When The Most Comforting Truth In Scripture Is That God Forgives Our Sins

By
Chuck Swindoll
So she turned to Abraham and demanded, “Get rid of that slave woman and her son. He is not going to share the inheritance with my son, Isaac. I won’t have it!”. This upset Abraham very much because Ishmael was his son.
Genesis 21:10–11
GENESIS 21 gives the account of a man whose previous sin now haunts him and harms the people he loves. The birth of Abraham’s long-awaited heir, Isaac, gave him and Sarah great joy, but their delight became tinged with regret.

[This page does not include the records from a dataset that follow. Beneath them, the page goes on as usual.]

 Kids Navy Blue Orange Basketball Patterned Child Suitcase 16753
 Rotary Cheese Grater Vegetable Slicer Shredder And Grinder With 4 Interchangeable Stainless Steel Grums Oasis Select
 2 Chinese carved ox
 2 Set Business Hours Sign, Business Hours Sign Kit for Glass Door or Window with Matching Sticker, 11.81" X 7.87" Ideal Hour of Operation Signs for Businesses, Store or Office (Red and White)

Roughly fifteen years earlier, they had tried to rush God’s plan. In their haste to receive the fulfillment of God’s promise, they schemed to have a son on their own terms and according to their own timing. So Sarah’s Egyptian handmaid, Hagar, gave birth to a son named Ishmael—a child of Abraham, but not the long-awaited promised child.
Ishmael represented the compromise; Isaac was the true child of promise. And for three years, conflict brewed. It finally came to a head at a family celebration, and by the time it was all over, Sarah demanded that Abraham send Hagar and Ishmael into the wilderness.

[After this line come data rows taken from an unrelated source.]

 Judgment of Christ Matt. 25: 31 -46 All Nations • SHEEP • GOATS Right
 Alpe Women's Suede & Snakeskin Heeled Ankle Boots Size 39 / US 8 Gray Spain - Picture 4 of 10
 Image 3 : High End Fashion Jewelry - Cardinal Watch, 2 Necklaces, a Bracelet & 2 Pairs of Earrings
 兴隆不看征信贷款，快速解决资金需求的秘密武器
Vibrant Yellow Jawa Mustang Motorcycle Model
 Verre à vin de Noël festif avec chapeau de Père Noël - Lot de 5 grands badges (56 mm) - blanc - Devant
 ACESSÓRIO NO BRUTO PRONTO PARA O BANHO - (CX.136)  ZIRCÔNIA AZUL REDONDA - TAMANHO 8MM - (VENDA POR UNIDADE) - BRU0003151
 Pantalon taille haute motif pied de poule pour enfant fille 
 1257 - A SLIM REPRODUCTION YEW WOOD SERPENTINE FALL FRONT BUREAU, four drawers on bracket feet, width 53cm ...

One of the most comforting truths in Scripture is that God forgives our sins. The psalmist communicates that truth in these powerful words: “He has removed our sins as far from us as the east is from the west” (Psalm 103:12). Yet while it’s true that God forgives our sins and wipes the slate clean in terms of our relationship with Him, our wrongdoing may have lingering consequences with others. God forgave the sin, but He didn’t change events to reverse the effect of our sin in the world.
All of this points to a difficult yet helpful truth: Though every act of sin is forgivable, the effects of some sins are not erasable. We can learn a lesson from Abraham’s life, recognizing that the shock wave of sin can reverberate down through generations, even causing harm to people not yet born.